Régler les problématiques de compatibilité avec les applications 64 bits

Le premier essai de Qualcomm dans le monde du PC a été un raté dû à l'échec de Windows RT, une version de Windows 8 destinée aux tablettes et aux PC équipés d'un processeur ARM. En revanche, le retour du fondeur sur le marché des ordinateurs sous Windows 10 est mieux organisé. Le processeur ARM qu'est le Snapdragon 835 sera en effet capable de faire tourner des applications 32 bits répandues et conçues à la base pour fonctionner avec des processeurs X86. Reste encore à Qualcomm à régler des problèmes liés à la compatibilité avec les applications 64 bits et à la gestion des pilotes et des périphériques. La manoeuvre ne sera pas aisée car pour faire tourner des logiciels conçus pour une architecture X86, le Snapdragon 835 utilise le principe de l'émulation, ce qui limite les possibilités d'accélération matérielle.

Au cours des deux dernières décennies, seul AMD est parvenu à menacer la domination d'Intel sur le marché des PC. Cela n'aura pas duré longtemps. Désormais, AMD attaque sur le haut de gamme avec ses puissants processeurs Zen qui seront bientôt disponibles. De leur côté, les puces ARM de Qualcomm pourraient concurrencer les Celeron, les Pentium et les Core i3 d'Intel sur le marché des PC d'entrée de gamme.

Percer sur le marché des serveurs prendra du temps

Dans le domaine des serveurs, le paysage concurrentiel est différent, même si les analystes considèrent le Centriq 2400 comme le meilleur processeur ARM jamais conçu jusqu'ici. Intel domine en effet largement le secteur avec ses puces Xeon. Or, les entreprises ne passeront pas facilement d'une architecture X86 à une architecture ARM. Cela nécessiterait des modifications à grande échelle dans leurs infrastructures logicielles et matérielles. De plus, les puces ARM n'ont pas marqué le marché des serveurs de leur emprunte malgré le fait qu'elles soient disponibles depuis plus de trois ans. Qualcomm espère susciter un nouvel intérêt, grâce, notamment, aux 48 coeurs et à l'important niveau d'entrées sorties que propose le Centriq 2400.

Qualcomm a indiqué qu'il se donnera le temps d'attendre pour mieux observer le marché des serveurs. Son but est d'éviter les erreurs faites par d'autres fabricants qui ont misé sur l'architecture ARM, tels que Calxeda, qui a fermé, et AMD, qui s'est recentré sur les puces X86. D'autres promoteurs d'ARM, comme Cavium et AppliedMicro, sont actuellement en difficultés.

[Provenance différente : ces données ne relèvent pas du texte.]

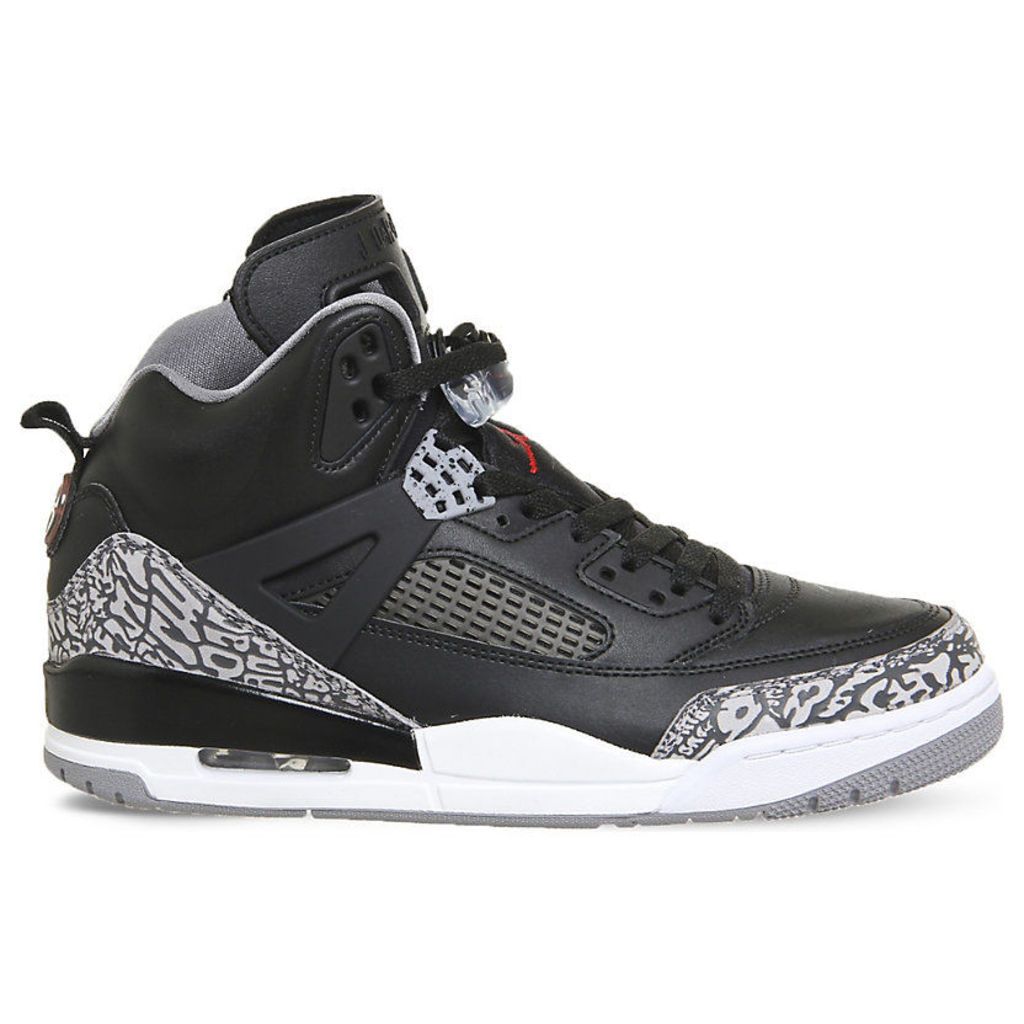 Spizike leather and mesh trainers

Le Centriq 2400 est conçu pour les grandes installations de serveurs dédiés au cloud. Si les fournisseurs de services hébergés pensent que des logiciels sur-mesure et les puces de Qualcomm leur couteront moins cher que des matériels embarquant des Xeon, alors ils pourraient opter pour les premières. La concurrence de Qualcomm pourrait également permettre aux clients d'Intel de mieux négocier avec ce dernier pour acquérir ses processeurs à des prix plus faibles.

IBM joue aussi des coudes sur les serveurs avec son Power9

Néanmoins, quelques installations de serveurs ne suffiront pas à entamer la domination d'Intel. Par ailleurs, Qualcomm va devoir aussi  lutter contre le Power9 d'IBM, qui devrait prendre une part de marché à deux chiffres d'ici 2020. S'ajoute à cela le fait que le marché pour les puces ARM a baissé avec l'arrivée d'applications telles que le machine learning, qui demandent des processeurs puissants tels que les X86. Intel dispose d'une large avance sur Qualcomm dans le domaine du machine learning avec un assortiment de processeurs tels que les Xeon Phi et les FPGA (field programmable gateways arrays).

Enfin, en ce qui concerne le marché de l'IoT, la concurrence se joue à deux niveaux. En premier lieu sur le marché de la télématique où Qualcomm domine. L'entreprise est par ailleurs en train d'investir 47 Md$ pour racheter NXP Semiconductor, une entreprise qui conçoit des circuits pour les voitures, les objets connectés et d'autres matériels à basse consommation énergétique. Sur ce plan-là, Intel travaille lui aussi à la croissance de ses parts de marché à travers de nombreuses acquisitions.